Alone in Brighton
The Times rips apart Cameron's little chat:
If anyone, anywhere, ever again uses the phrase “make this country great again” I will probably write something rude about them in the newspaper. Yes, the country is called Great Britain. It’s a geographical term, not an epithet. You might as well say that a week is a long time in politics. Along with the shouty delivery this spoilt the ending.
Michael White was on an economy drive and only used 601 words to sum up Dave’s utterings:
It was a lacklustre, tick-box speech and Dave had just ticked off non-judgmental compassion. A few minutes later he promised to "recognise marriage in the tax system" ("Hi, marriage"). Behind him, William Hague looked glummer than ever. Years of sitting in cabinet lie ahead of him. Probably.

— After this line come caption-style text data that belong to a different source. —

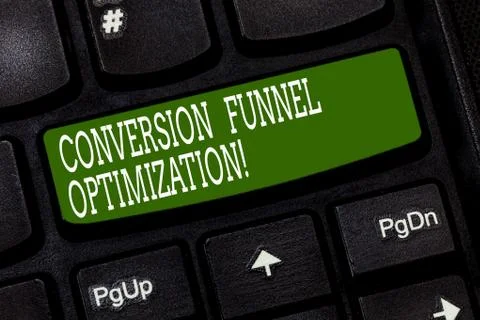 Conceptual hand writing showing Conversion Funnel Optimization. Business photo Foto stock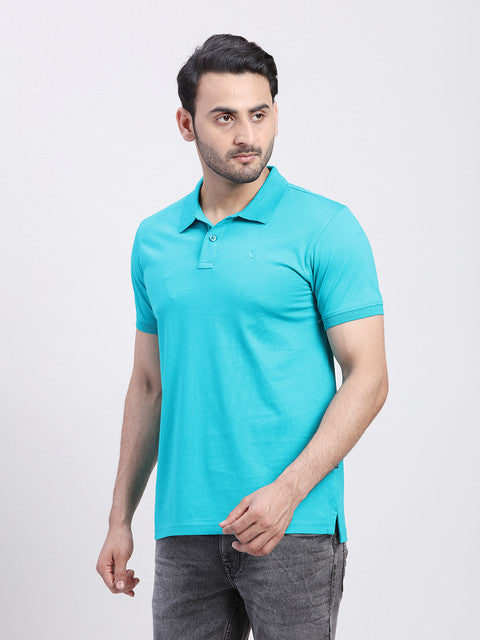 Parx Men Green Regular Fit Solid Half Sleeve Polo Neck T-Shirt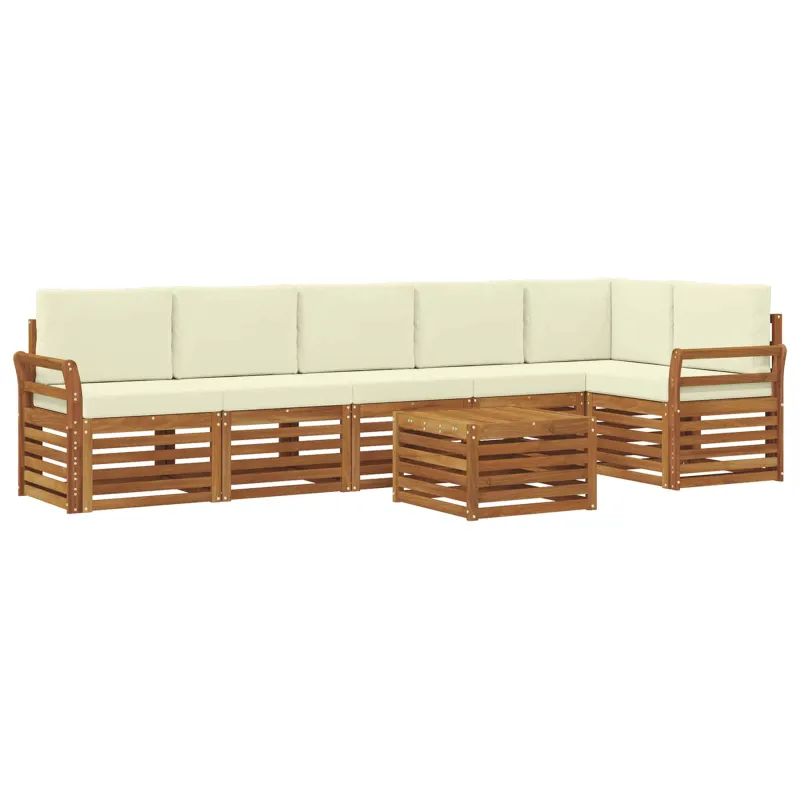 Sekcijos sofų komplektas 7 pcs Natūralus ir grietinėlė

The last word goes to Simon Carr:
That was a persuasive speech by any measure. From the first standing ovation I was persuaded that Gordon Brown could still be there after the election. Normally, Cameron is good at these things, but at no point yesterday did he produce the tingle that tells you you're a Tory.
Who were all those people sitting behind Cameron?

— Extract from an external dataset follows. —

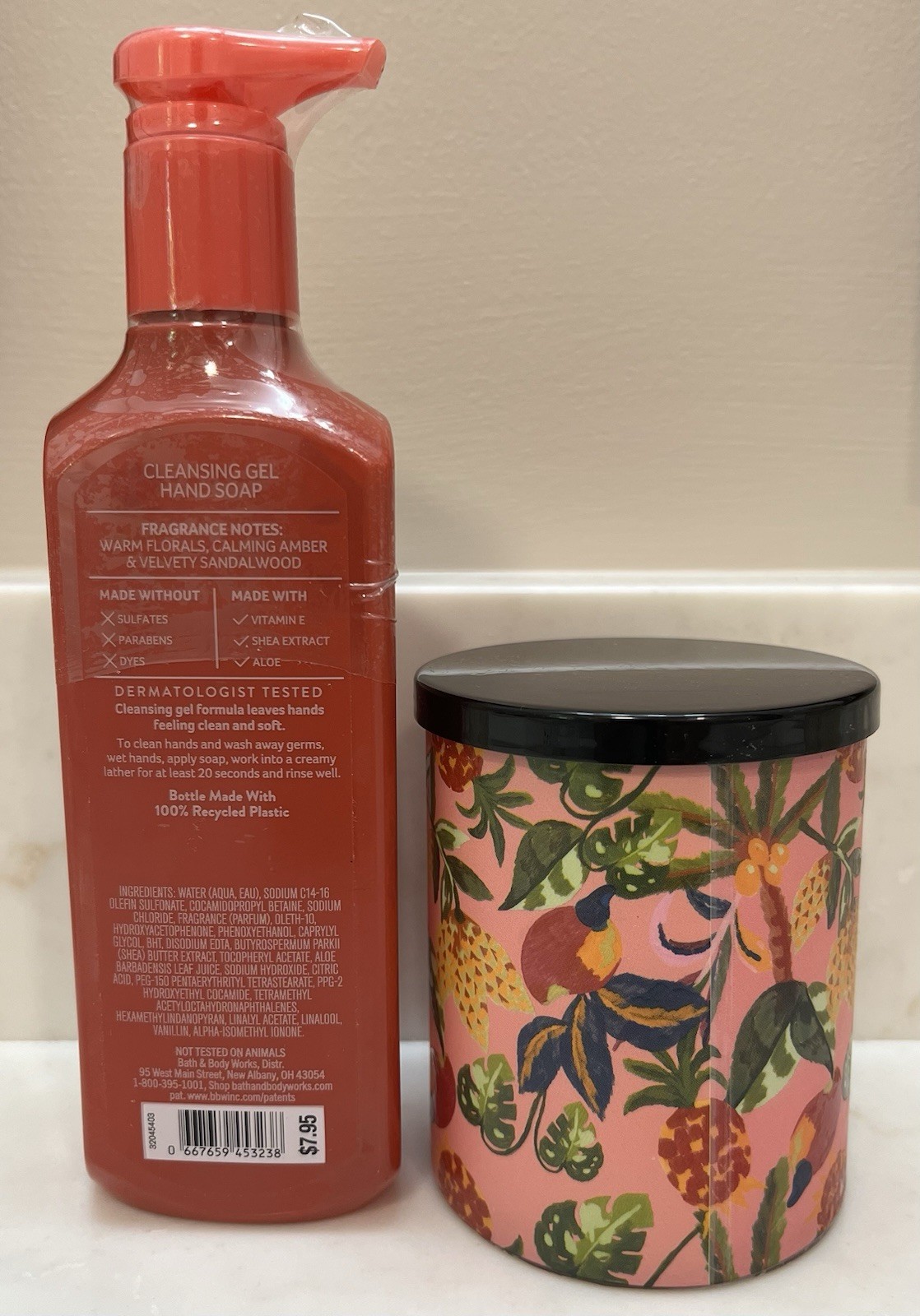 Bath Body Works Cleansing Gel Hand Soap & Single wick candle WARM SUMMER EVENING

Well two of them are lobbyists, a breed condemned by Cameron just a few weeks ago, who are yearning to become MPs at the election.
There they all sat in the hope that Our Dave can work his magic on the electorate. At the end of the day this is very much a party of one man who does, in very sense of the word, stand out from the crowd.
It just wasn't the same in 1997 when Labour was stacked with talent. Then, even Gordon Brown would have won by a landside.
We are on the verge of an election, which will be dominated by the personality and character of the party leaders.
The electorate may not want five more years of Gordon Brown, but there is also considerable doubt whether they want David Cameron.